Common life occurrences like the car breaking down or a flat tire on my way to an appointment. My daughter losing her glasses when we are already running late. Spilling coffee on my freshly ironed dress. The dog getting into a mud puddle in the backyard and dragging it into the house. The leaky faucet, the raccoon who destroyed last night’s garbage, or the eleventy things I forgot to write down on the family calendar.
So why is it that the little things of our cultural daily life seem to uproot us the most?
Perhaps because those are the very things most shallowly planted.
They are the things that require us to pay attention and keep moving at a pace set by the world that spins around us. They are the things that we believe we have some sense to control. And they are the very things that teach us the vital life lesson of learning to respond instead of reacting to a situation or circumstance.
As the age-old saying goes, “When it rains, it pours.” It simply means that when something challenging happens, other challenges appear to follow. And yes, they do, for life is riddled with challenge. But when the larger-than-life adversities hit home, there is a peace which surpasses all human understanding that shifts the atmosphere to one of heavenly control.

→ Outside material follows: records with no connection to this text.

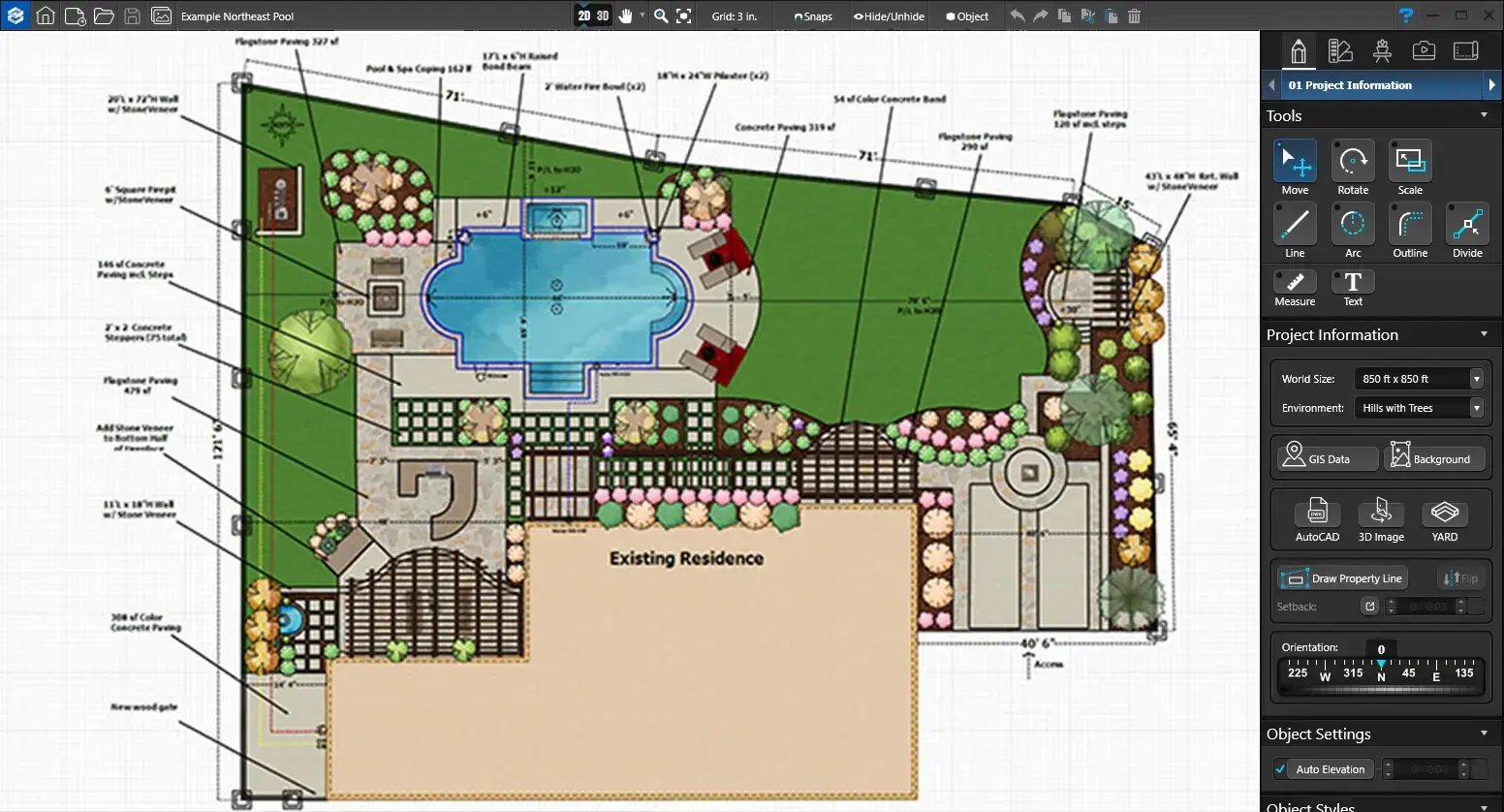 Detailed 2D pool and landscape plan with dimensions, layout, and labeled construction elements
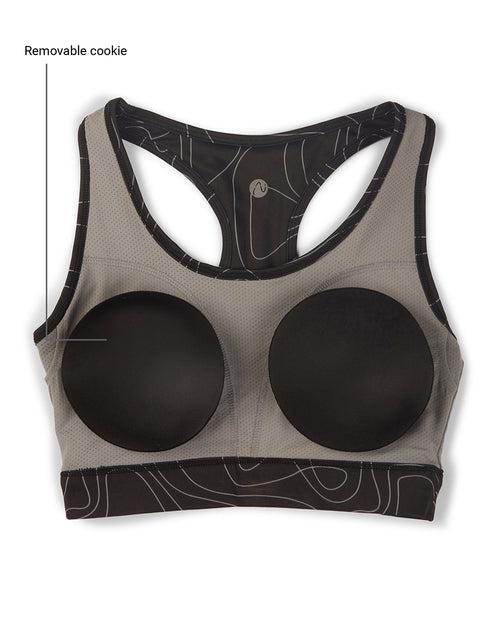 Nykd All Day On-Trend Sports Bra With Keyhole Back - NYK082 - Doodle Black Print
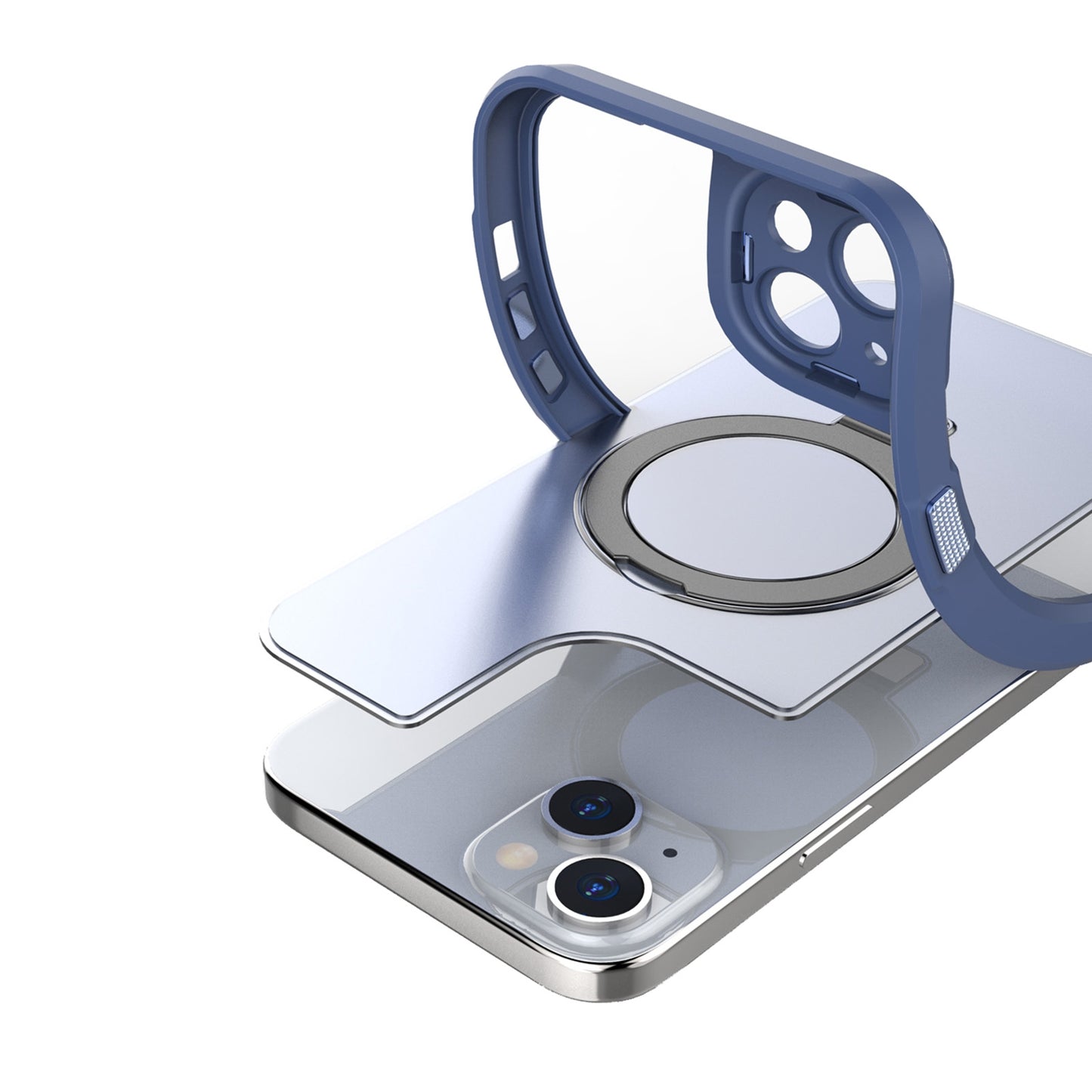 ELECTROPRIME For iPhone 15 MagSafe Magnetic Metal Holder Phone Case(Blue)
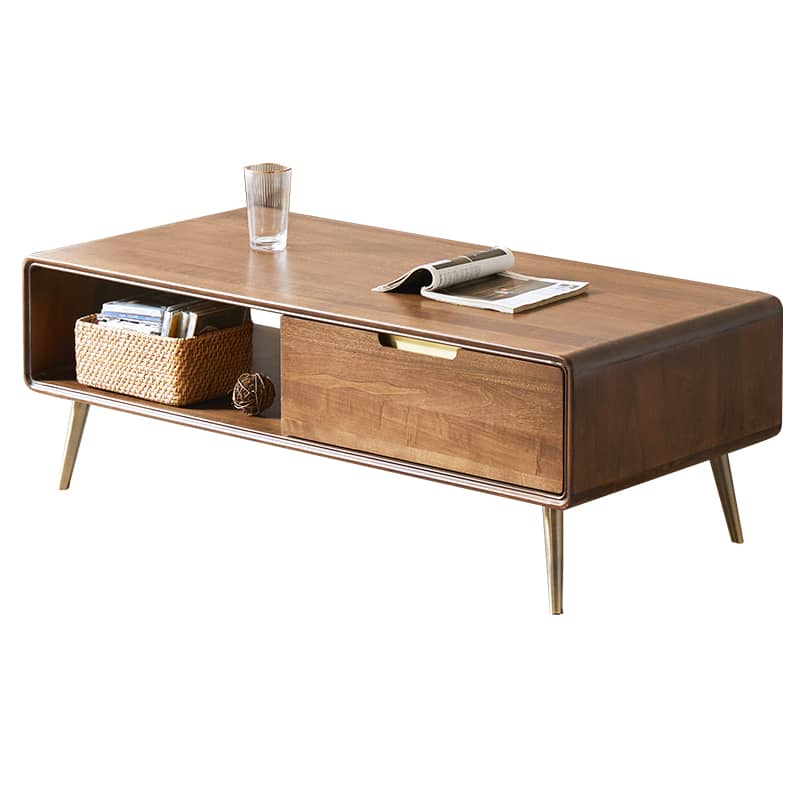 Elegant Brown Tung Wood Tea Table with Metal Accents hym-490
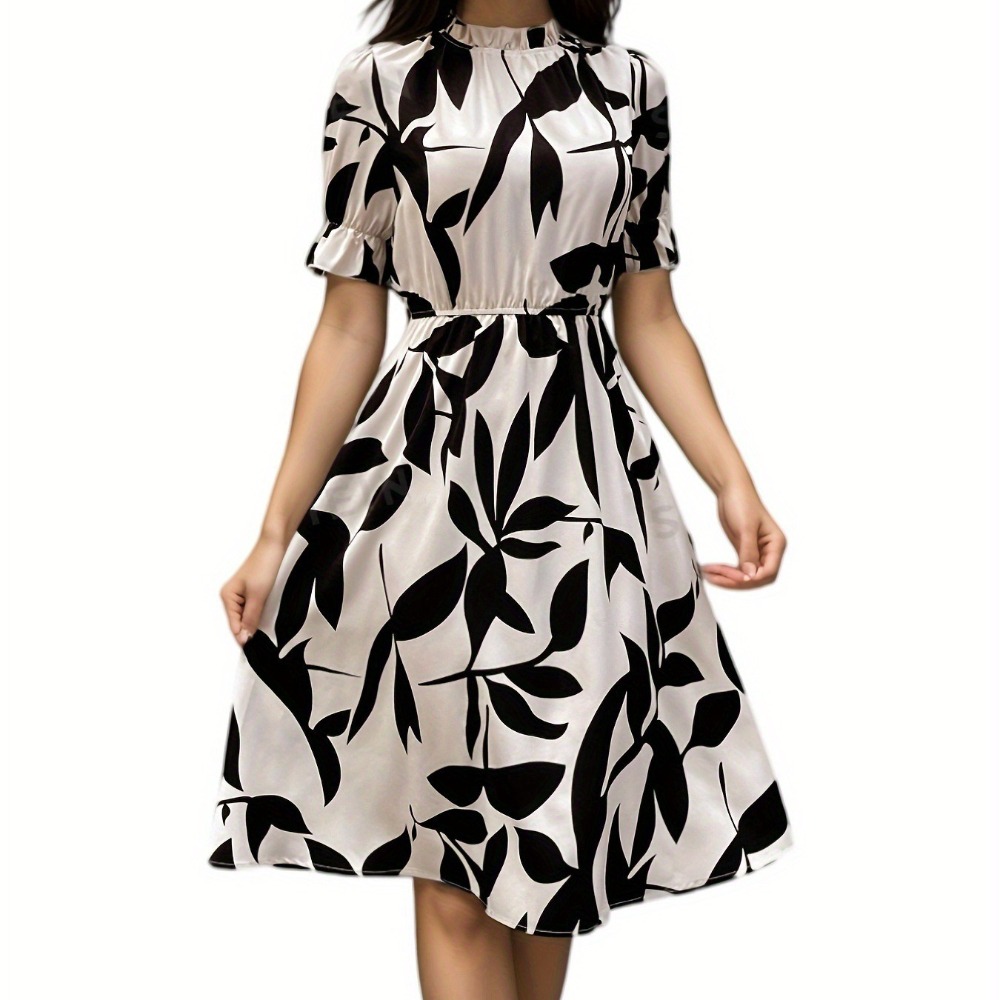 Women's Floral Print Short-Sleeve Dress with Ruffled Stand Collar Elegant Flared A-Line Party Dress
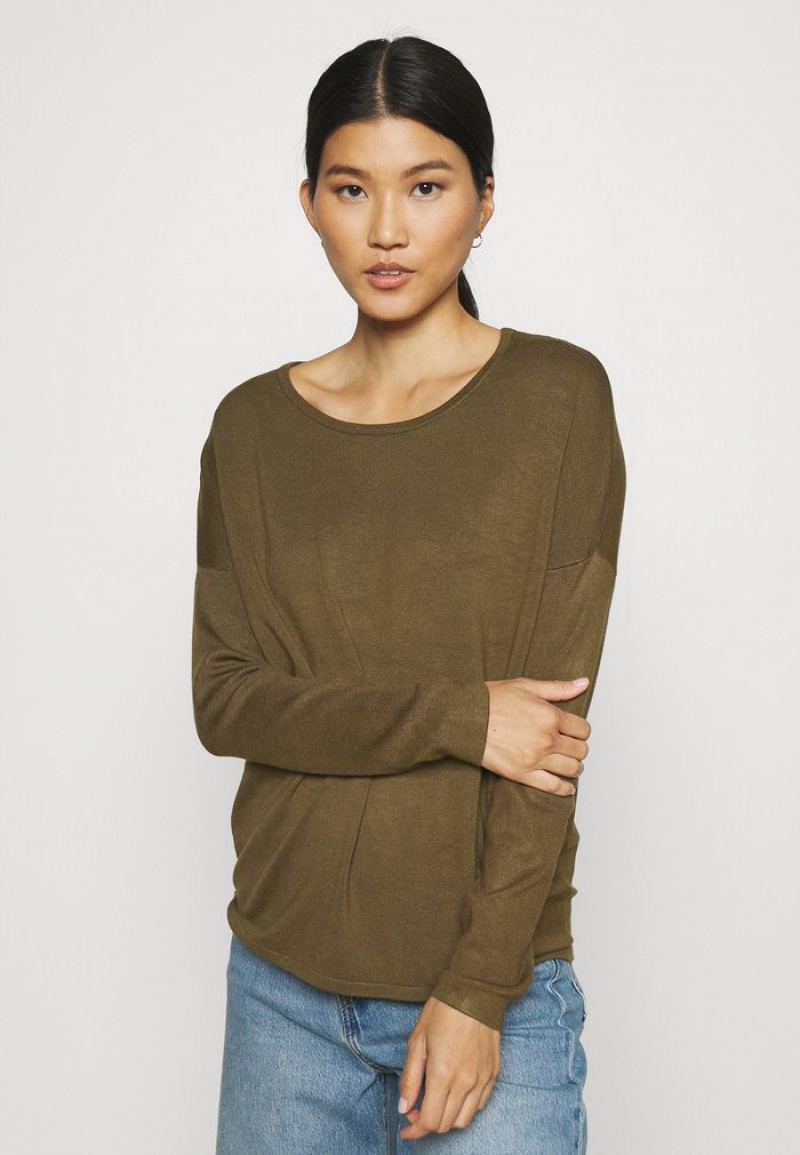 Anna Field Promo Relaxed Båt Neck Jumper Pullover Dam Olivgröna | SE-BXMDSK354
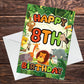 8th Birthday Card for Boy Girl Jungle Safari Animals 8 Years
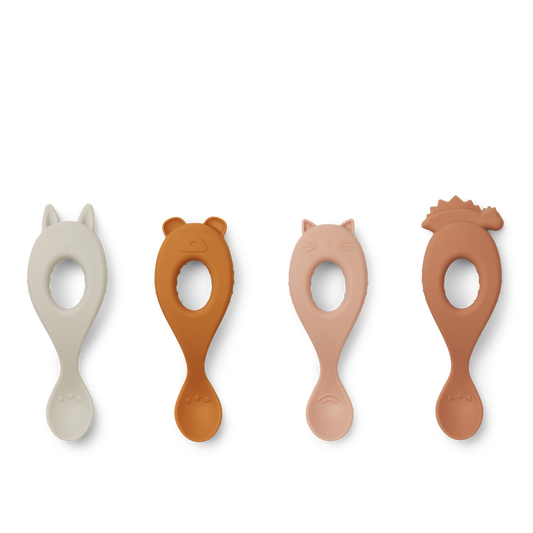[Liewood] Liva Silicone Spoon 4-Pack - Rose Mix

Let us remember the wisdom of the Word of God which we are called to hide within our hearts for times such as these:
Therefore, do not worry about tomorrow, for tomorrow will worry about itself. Each day has enough trouble of its own. Matthew 6:34
The car can be fixed, the tire repaired. The glasses found, the floors washed clean of mud and mess. And the eleventy things will pass and there will be eleventy more. The worries of the day will always make their appearance at the most inconvenient of moments, and strife a constant companion. But all we have to do is focus on THIS day. Just this random day of all the days. Because there is always blessing to be found within it.